I've done some research on the web at that time (maybe 2 years ago) but
unfortunately couldn't find any library/tool/infrastructure for having
persistent data in SysV SHM, and also no other FOSS programs that did
so. Maybe I didn't look closely enough? To me, it seems like the most
obvious solution to persist state across crashes/restarts of C programs
on unix-type systems.
We explicitly don't want to use some kind of database system, as the VLR
data needs to be accessed all over the code
directly/synchronously/non-blockingly. We cannot wait for it to be
retrieved from somewhere. That's what is done with HLR data.
In the case of restarting the MSC with two phones
connected, of course
the phones don't notice anything. One now needs to attempt a call setup
at least 3 times, including a call setup attempt from the "callee" phone
before we can even call it.
The alternative is to wait for any location update, either due to the
periodic location update timer expirign, or due to the phones actually
moving geographic location.
I tried restarting both BSC and MSC, in various
orders, and I did not
get a satisfactory result. Of course, restarting the BSC restarts
osmo-bts which causes (some) phones to notice the temporary loss of
BCCH, but of course no LUR or anything as LAC doesn't change, so there's
some state that is not getting set right someplace on restart, as I
said. both phones need to interact before one of them can be called.

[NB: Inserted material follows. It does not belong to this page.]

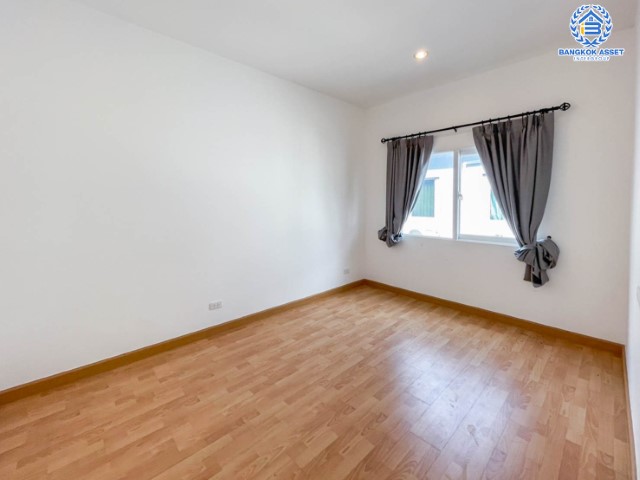 ******ทาวน์เฮ้าส์มือสองย่านนนทบุรี ม.ชวนชื่นทาวน์ กาญจนาฯ-บางใหญ่ เนื้อที่กว้างขวางถึง 21.4 ตร.ว. ฟังก์ชันจัดเต็มถึง 4 ห้องนอน 3 ห้องน้ำ 2 ที่จอดรถ บ้านสภาพดี พร้อมอยู่ บนทำเลยอดเยี่ยม ใกล้เซ็นทรัลเวสต์เกต และทางด่วน "ศรีรัช" ในราคาถูกสุด!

A BSC restart will always loose all active connections/channels/calls,
and I think there's nothing wrong with that. Persisting that state
makes little sense, as the phones will all have closed their radio
channels at the time your BSC recovers.
--
- Harald Welte <laforge(a)gnumonks.org>
http://laforge.gnumonks.org/
============================================================================
"Privacy in residential applications is a desirable marketing option."
(ETSI EN 300 175-7 Ch. A6)